Pada malam yang pulang perlahan dari langit, aku mengayuh sepedaku melewati jalanan yang setia. Jalan itu tidak ramai. Tidak pula sepi. Seperti hidup, kadang hanya berlalu, tanpa perlu dimengerti.
Di ujung pandanganku, lampu jalan menyala dengan malu-malu. Mereka seperti penjaga kota yang kesepian, berdiri tegak tapi tak pernah bertanya siapa yang datang atau pergi. Dinding di sebelah kanan dihias mural, seolah seniman jalanan sedang mencoba berbisik kepadaku: bahwa warna bisa mengobati letih.
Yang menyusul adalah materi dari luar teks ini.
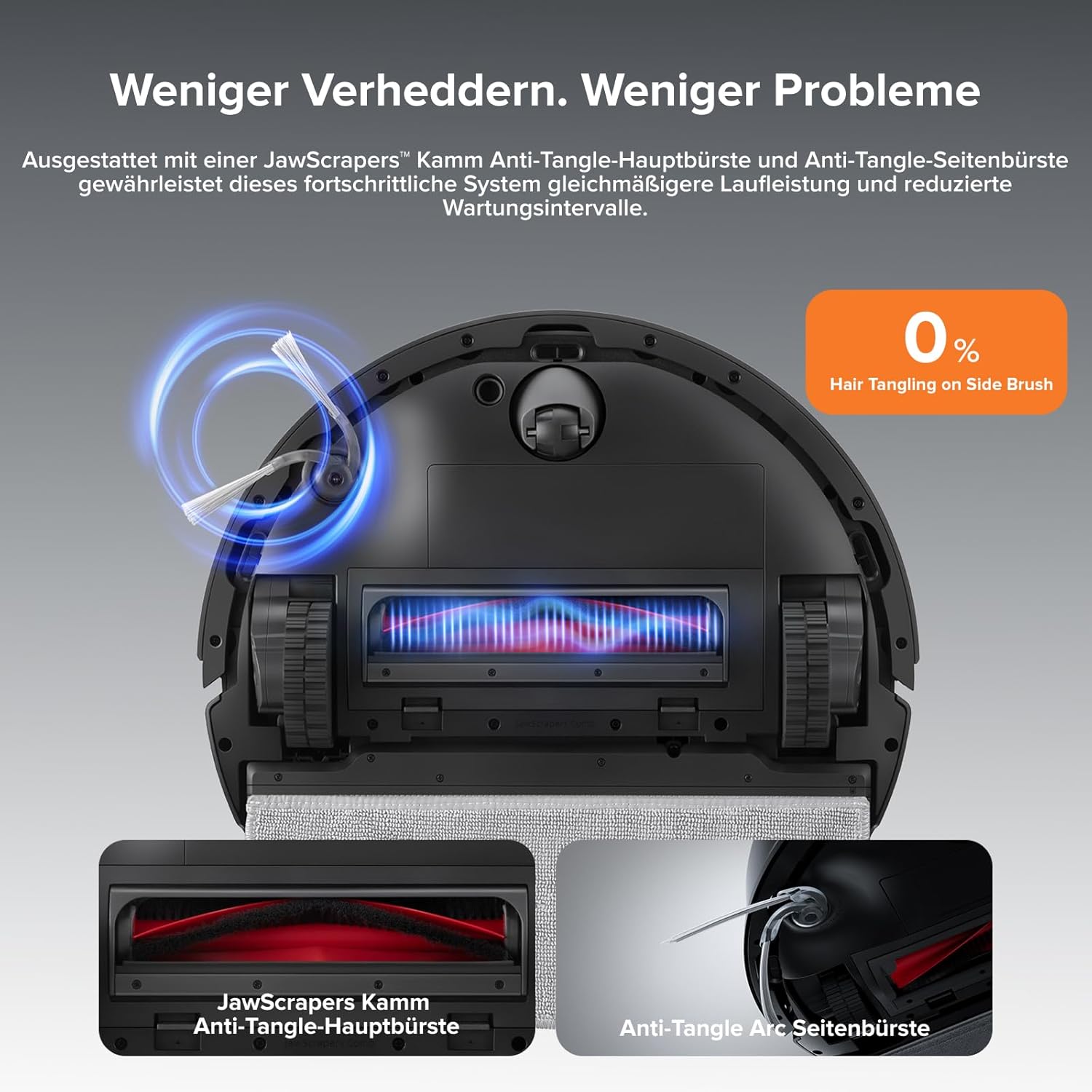 roborock Q10 X5 Saugroboter mit Wischfunktion, 10.000 Pa Saugkraft, Dual Anti-Tangle System, JawScrapers Bürste, intelligente Hindernisvermeidung, Saug und Wischroboter für Tierhaare&Teppiche, Schwarz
Sebuah motor melintas cepat di depanku. Tak menoleh. Tak tahu bahwa di belakangnya, aku sedang menempuh perjalanan dengan lambat, tapi penuh makna.
Tangan kiriku memegang stang sepeda, tangan kananku entah sedang menyimpan cerita apa. Mungkin cerita tentang hari ini, tentang canda tawa di sela kerja, tentang lelah yang tak terasa karena dikelilingi teman-teman yang menyenangkan. Aku bersyukur—benar-benar bersyukur—karena di dunia yang serba buru-buru ini, aku diberi kesempatan untuk bekerja bersama orang-orang baik. Tertawa bersama mereka di tengah bekerja adalah hadiah yang tak bisa dibeli.
Bersepeda dari Manahan ke Colomadu bukan sekadar pindah tempat. Itu adalah ziarah sunyi pada impian-impian kecil yang belum mati. Itu adalah caraku mencintai hidup ini dengan diam-diam, meski tak ada yang peduli.
Dan malam ini, di bawah langit Solo yang tabah, aku telah sampai pada satu titik di mana lelah menjadi indah. Sebab aku tahu, meskipun dunia tak selalu ramah, jalan pulang tetap akan selalu ada.